In the test case you presented, I think the following should work:

s1 = Parameter(distribution='Gaussian', shape_parameter_A=0., shape_parameter_B=1., order=3)
s2 = Parameter(distribution='Gaussian', shape_parameter_A=0., shape_parameter_B=1., order=3)
R = np.array([ [ 1.0,  0.8],
               [ 0.8,  1.0]])

basis = Basis('total order') 
poly = Poly([s1, s2], basis, method='least-squares', sampling_args={'sample-points':X_train,'sample-outputs':y_train})

corr = Correlations(R, poly=poly) # updated to new syntax (in develop branch right now...)
corr.set_model()
poly2 = corr.get_transformed_poly()
poly2.get_mean_and_variance() # or get Sobol' indices

What I have changed is to remove the argument of the set_model call. We shouldn’t need to sample any extra points or run the expensive model again, because the coefficients can be fitted with the ones we already gave to Poly. The Correlations class may modify the actual training input points used (in case of using the Nataf transform, not so if we use Gram-Schmidt) but this is done behind the scenes. Please let me know if this doesn’t work.
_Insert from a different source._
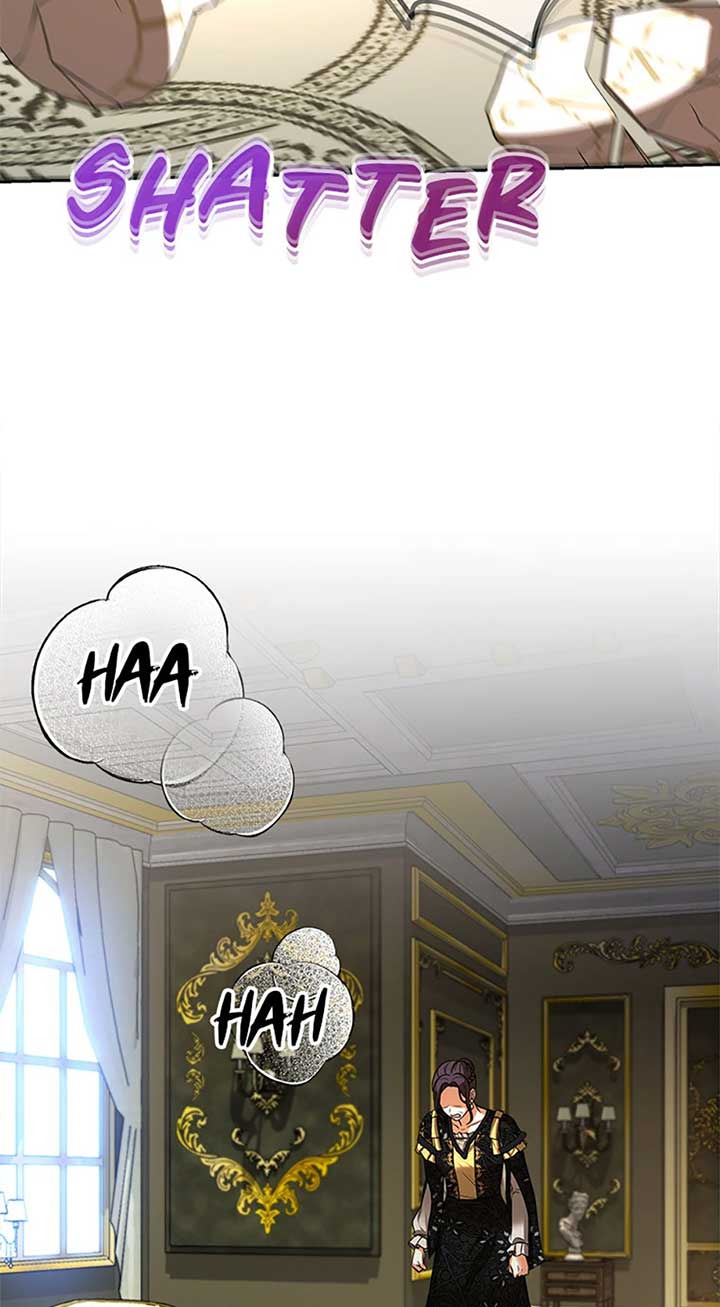 Read My Condition Is Divorce EN Manga Online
For dimension reduction, in the case of active subspaces, we do note that the important directions (i.e. eigenvectors of the gradient covariance) does depend on the input distribution, again because it comes from an integral with respect to the input distribution. We just need to make sure the points where the gradients are evaluated in subspaces.py are sampled with the desired distribution. In fact, the poly here only serves as a predictive model to evaluate the gradients, so it is even possible to just use an uncorrelated poly model. The grad_points option of the Subspaces class is useful here (in a version we are releasing soon, this will be passed as a dict to the init of a Subspaces instance). For polynomial variable projection, a similar idea applies: if we sample the points fed to Subspaces to our desired distribution, we should get ridge directions that correspond to the desired distribution (approximately, due to finite sample size!).

Handling correlations in input for polynomial chaos approximations is still an active area of research and a new path of development for us, so if you have any queries and suggestions we are more than happy to hear them. Hope this helps!

2 Likes

Hi Nick sorry it’s taken me a while to reply. Thanks very much for the clarifications and in-depth reply! It’s all falling into place now (I was thinking a bit too simplistically in terms of what sensitivities actually mean and had missed a couple updates to the code).

I’d be interested to read more about why arcsine distribution offer advantages if you have a reference you could direct me to? Concentrating training data at the edges at the edges of the design space is something I’ve observed empirically to give better model fits. That said it’s also often the case that a greater proportion of cases of the expensive model fail to converge at the extremes and so on balance there’s probably not a lot in it.

Thanks for highlighting the argument change in set_model. All working great now - the only thing I had to add to the code above was to explicitly declare the Gram-Schmidt method in the initialisation. I’m (slowly) getting to grips with the underlying maths and will definitely have more questions!

2 Likes

Hi @mdonnelly, a good reference for this is: (PDF) Constructing Least-Squares Polynomial Approximations.